Anonymous ID: 7ff829 Sept. 8, 2025, 5:47 a.m. No.23562808   🗄️.is 🔗kun

[Harvard Crimson Business Board samples a successful admission essay, and an analysis of why it was successful.]

 

10 Successful Harvard Essays

2025

 

"Getting into Harvard College isn’t just about perfect grades or test scores—it’s about telling your story.
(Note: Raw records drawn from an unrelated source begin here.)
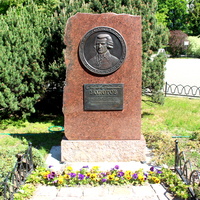 Памятник Андрею Болотову.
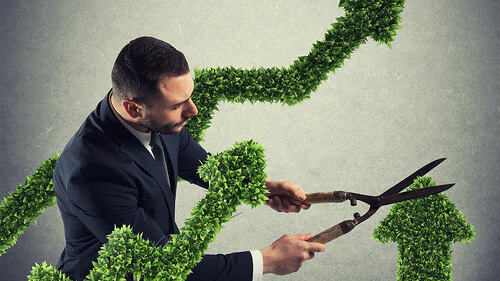 Anzugtraeger-trimmt-Hecken-Pfeile-194055043-FO-alphaspirit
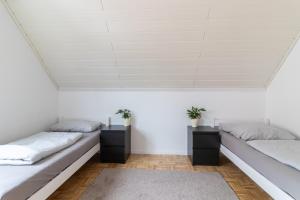 科隆Ferienwohnung/Messewohnung的白色墙壁客房的两张床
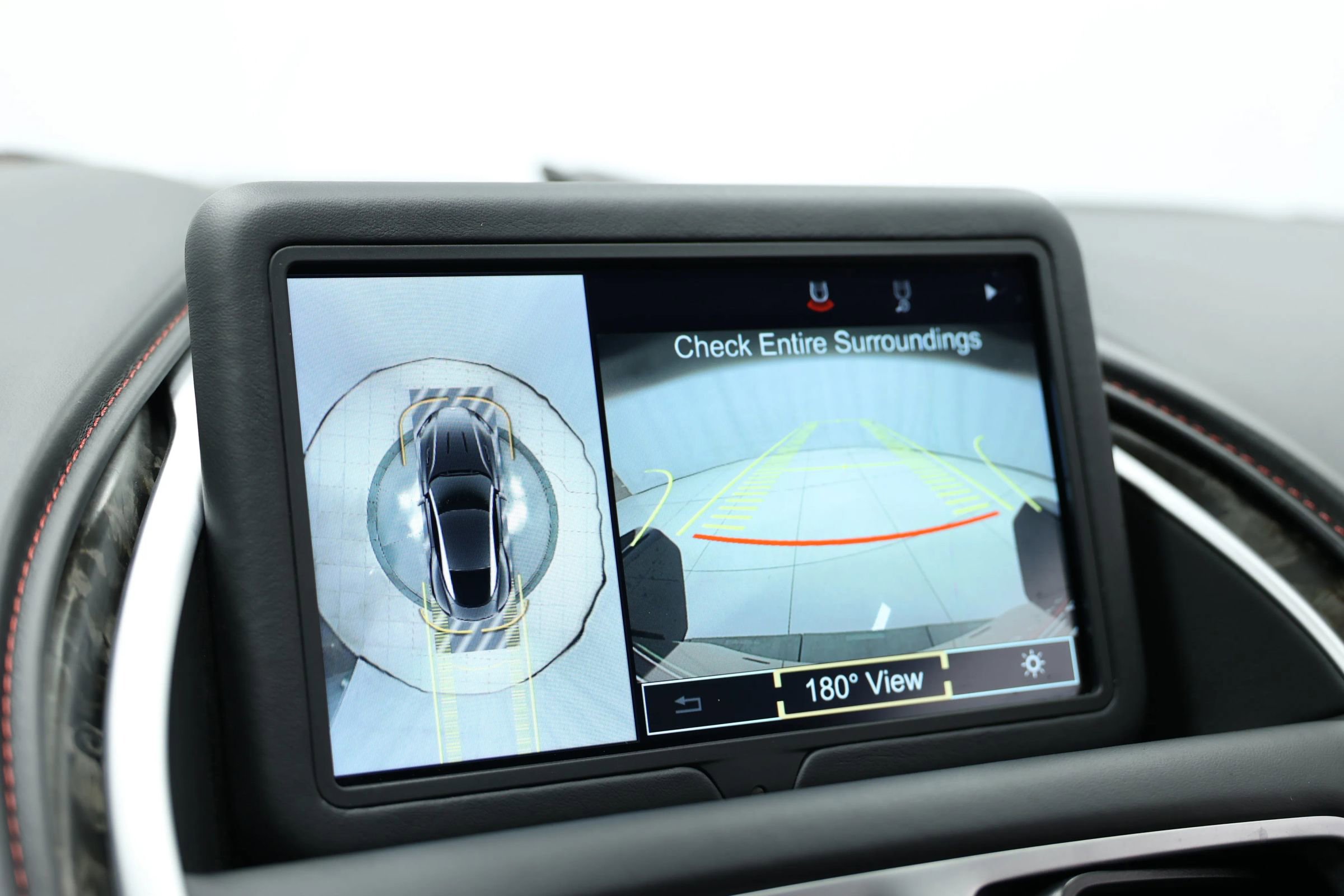 Used 2018 Aston Martin DB11 Coupe image 29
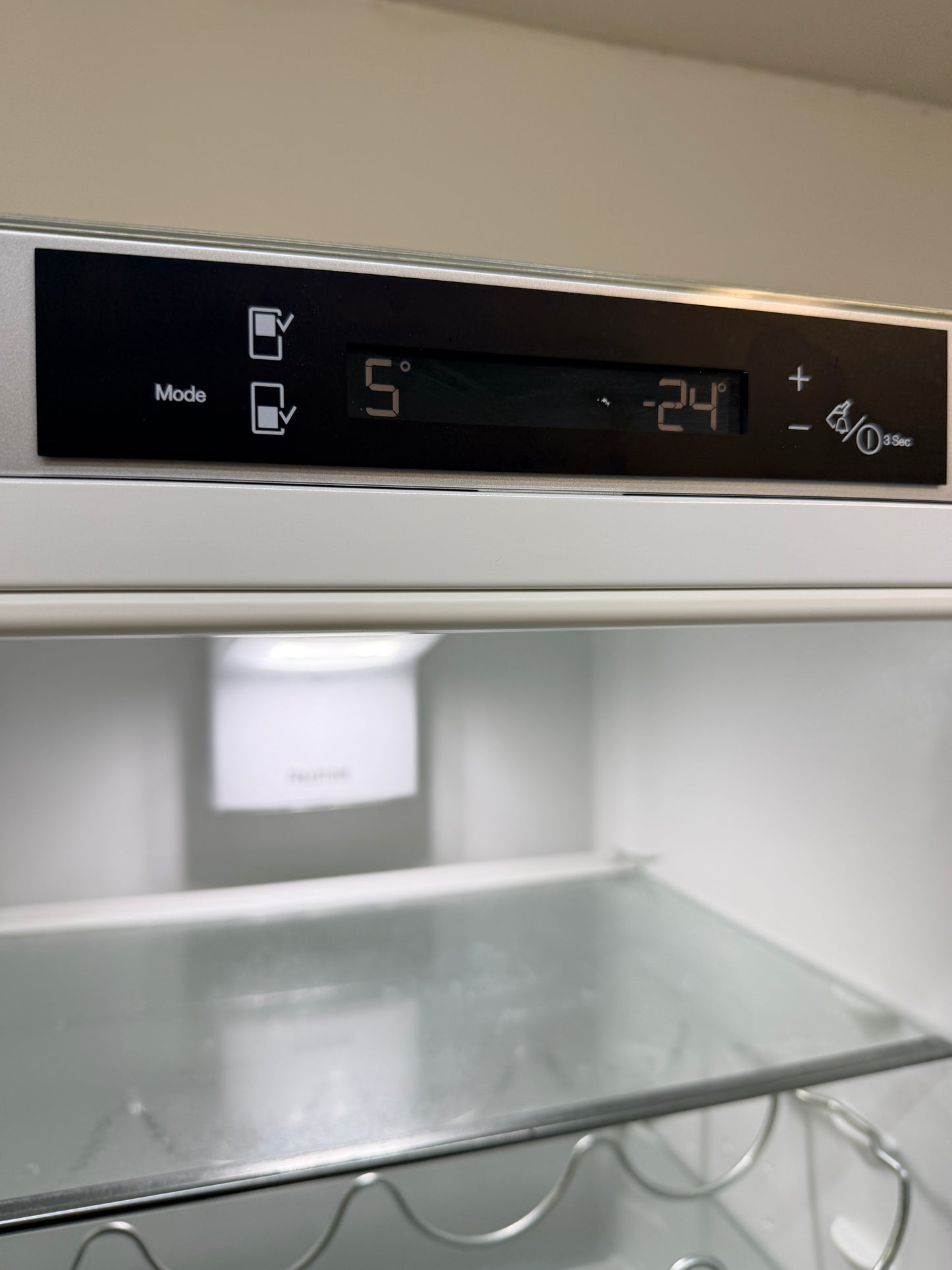 ❄️ Electrolux kyl/frys med No Frost – rymlig och energieffektiv!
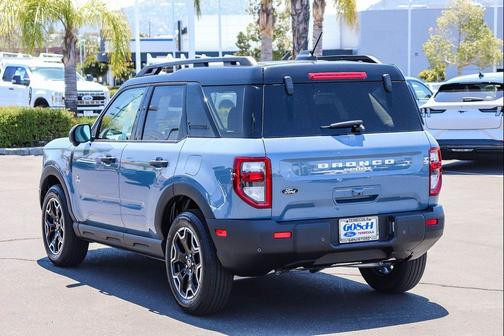 Azure Gray Metallic Tri-Coat 2026 Ford Bronco Sport Outer Banks
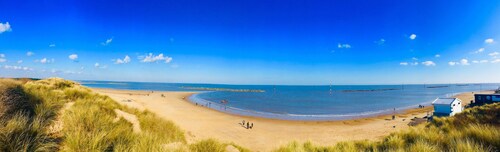 Dog Friendly Cosy Thatched Cottage Footsteps from BLUE FLAG beach with log fire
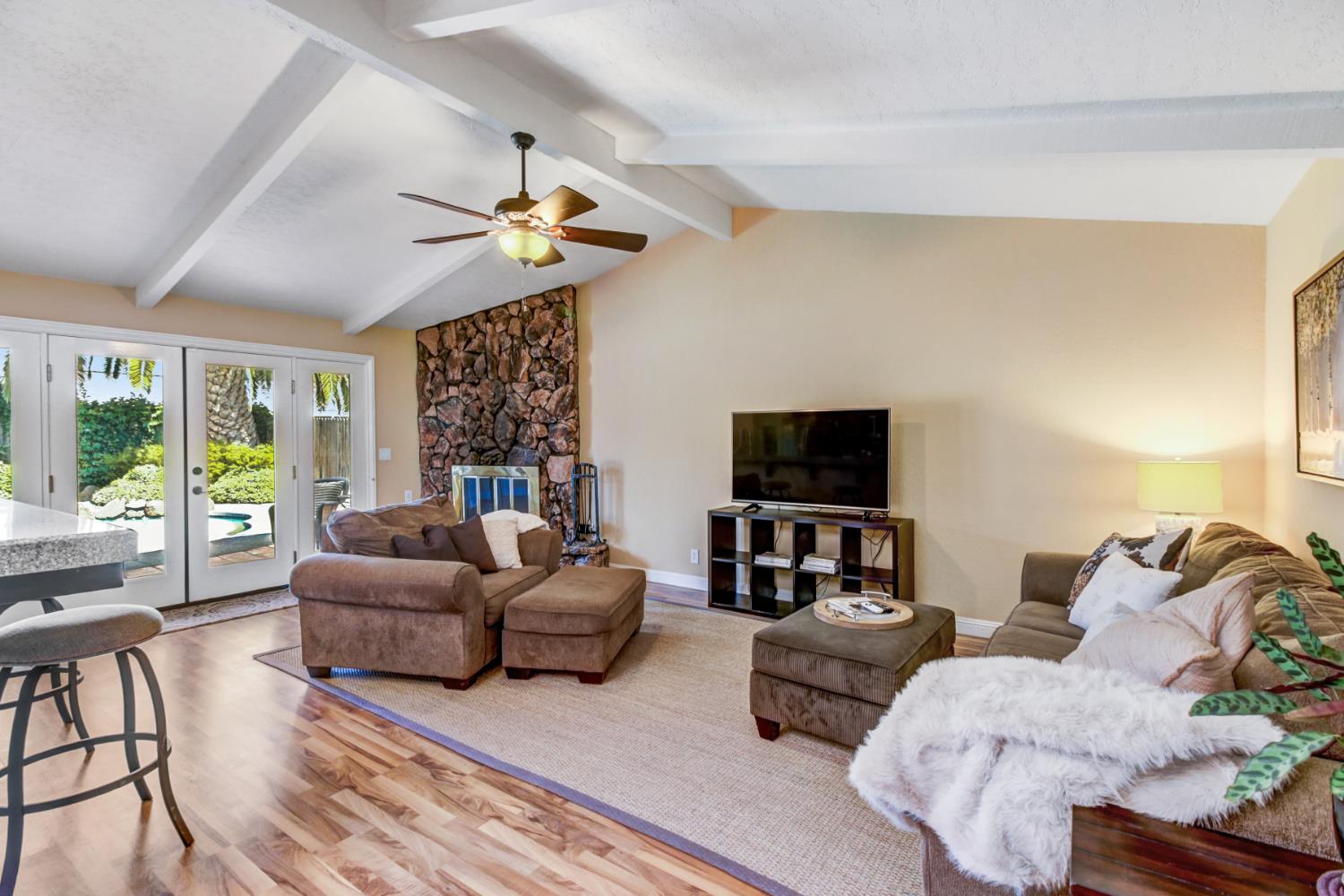 5951 Lincoln Hills Way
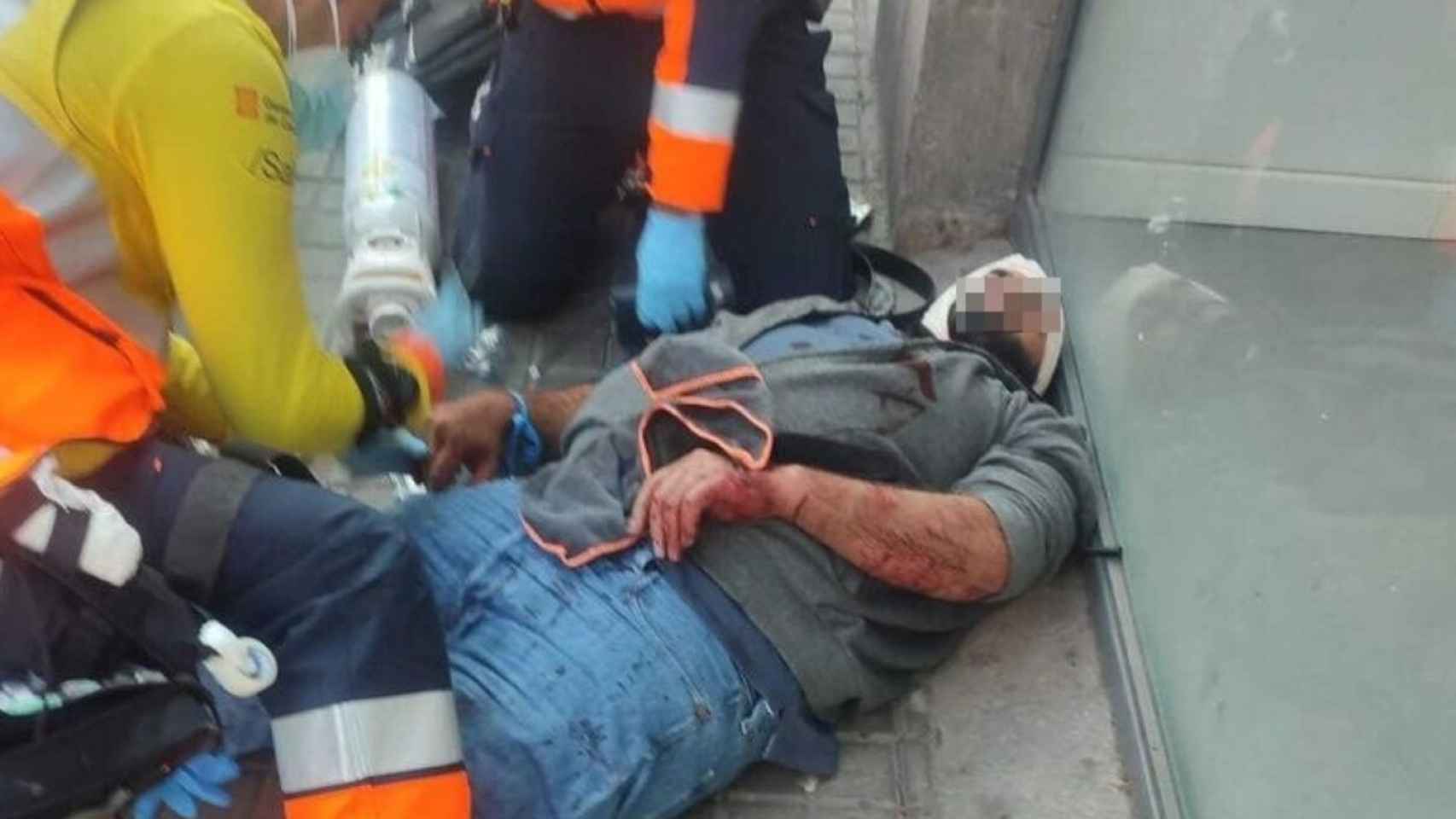 El taxista gravemente herido tendido en el suelo / CEDIDA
In this feature, The Harvard Crimson along with HS2 Academy presents ten standout personal statements from students who made it through one of the most competitive admissions processes in the world."

 

1.Claire's Essay(excerpt)

 

In my vision I focus on a lone front tooth backdropped by a black abyss; thin lips dance around it in motions forming words, yet I can’t seem to hear them.

 

In the kitchen behind my grandfather sits his definition of luxury — a now stale and cold Filet-o-Fish from the Beijing McDonald’s. American basketball plays on the television across from where we’re sitting on the sofa; players’ shoes squeak and balls bounce louder in my ears than those words. In this moment, his Mandarin goes in one ear and out the other. I don’t listen the way I do when he’s screaming at my mother, a bitter, blind rage fueled by undercurrents of fear and “I miss you.”

 

My focus blurs, and the tooth disappears. Basketball fades to silence, and I’m on the airplane home to America. We’re separated once more by an ocean and three thousand unspoken miles. It’s a whirlwind; five years pass, and my few apathetic summers in China are over before I can blink twice.

 

The last clear memory I have is waking up on my thirteenth birthday to my dad handing me the landline kept for international phone calls: “Waigong has something he wants to read to you.”

 

It is a poem that he had written about me. Through the phone, I could do nothing but hear his voice, static worsening the Mandarin already slurred by missing teeth. The poem says everything he loved about his granddaughter, everything he saw in her, despite barely knowing her. It is a reflection of last dreams, visions, and hopes of his own.

 

Professional Review by The Ivy Institute

 

Some essays tell you who someone is. Clara’s shows you how she became that person.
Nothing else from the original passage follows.